Ladan spent the formative years in his native Bosnia and Herzegovina (Travnik, Bugojno), where he graduated at Philosophical Faculty in Sarajevo. Since he couldn't get permanent employment in the then Serbs-dominated Bosnian cultural life, because of his sometimes ostentatious Croatian identity, Ladan worked intermittently as a private tutor, translator and journalist — until the Croatian doyen of belles letters, Miroslav Krleža, found him a job in Lexicographic Institute in Zagreb, Croatia. Ladan is now the director of the same institute and editor-in-chief of an eight-language parallel dictionary.
His multifarious activity found outlet in various fields:
- as an essayist, Ladan is at his best. A virtuoso with words, Ladan has written a several books of essays that cover as diverse fields as cursing in Croatian language, voluminous polygraphy playing with etymological meanings of the words that define human culture, from God to globalization (Riječi, "Words"), and nuances of medieval spiritual culture (Parva medievalia)
- Ladan's only novel, Bosanski grb ("Bosnian coat of arms") (1975) is a postmodernist fiction written as a combination of Rabelaisian linguistic feast and a treatise on the historical destiny of Croats in central Bosnia. Consciously ignoring realist, even modernist narrative conventions, Ladan's novel stands as both the most hermetic and the most linguistically buoyant text in modern Croatian literature. Maybe the closest to the truth is the contention that the true "hero" of the novel is Croatian language.
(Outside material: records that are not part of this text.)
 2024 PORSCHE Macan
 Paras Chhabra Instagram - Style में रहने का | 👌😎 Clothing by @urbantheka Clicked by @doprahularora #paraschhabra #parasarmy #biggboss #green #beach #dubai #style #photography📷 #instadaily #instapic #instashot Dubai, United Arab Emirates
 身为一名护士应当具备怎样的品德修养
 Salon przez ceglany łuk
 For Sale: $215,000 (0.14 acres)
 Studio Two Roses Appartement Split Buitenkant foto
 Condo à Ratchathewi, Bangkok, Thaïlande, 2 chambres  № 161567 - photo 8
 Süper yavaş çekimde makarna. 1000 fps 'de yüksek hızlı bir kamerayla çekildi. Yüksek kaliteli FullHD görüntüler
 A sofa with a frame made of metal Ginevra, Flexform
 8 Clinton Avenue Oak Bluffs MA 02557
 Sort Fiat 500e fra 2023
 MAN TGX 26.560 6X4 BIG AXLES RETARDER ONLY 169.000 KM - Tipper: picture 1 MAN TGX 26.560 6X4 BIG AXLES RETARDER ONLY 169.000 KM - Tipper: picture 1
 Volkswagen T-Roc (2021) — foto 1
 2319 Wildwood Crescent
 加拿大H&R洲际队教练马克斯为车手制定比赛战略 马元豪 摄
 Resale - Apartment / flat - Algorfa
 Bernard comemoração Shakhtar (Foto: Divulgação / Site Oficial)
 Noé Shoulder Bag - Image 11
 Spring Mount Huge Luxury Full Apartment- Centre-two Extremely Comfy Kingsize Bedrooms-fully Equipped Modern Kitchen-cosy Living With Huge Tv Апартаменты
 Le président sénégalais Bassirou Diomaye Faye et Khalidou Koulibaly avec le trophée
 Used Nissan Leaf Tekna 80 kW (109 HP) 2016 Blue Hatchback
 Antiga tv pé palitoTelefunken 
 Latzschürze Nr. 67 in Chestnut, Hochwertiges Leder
- as a critic, Ladan has, in more than four decades, surveyed virtually all works written in Croatian, Serbian and Bosnian — not infrequently to the consternation of the "objects" of his criticism. Follower of T. S. Eliot, Ezra Pound and Frank Kermode, Ladan didn't pay much attention to the deconstructionists (Derrida) or Foucault, both of whom he found arid and sterile. His best critical essays also evaluate such writers as William Faulkner or Robert Musil. And, last but not least, Ladan has gained reputation as a master translator from eight languages, including German, English, Swedish, Greek and Latin.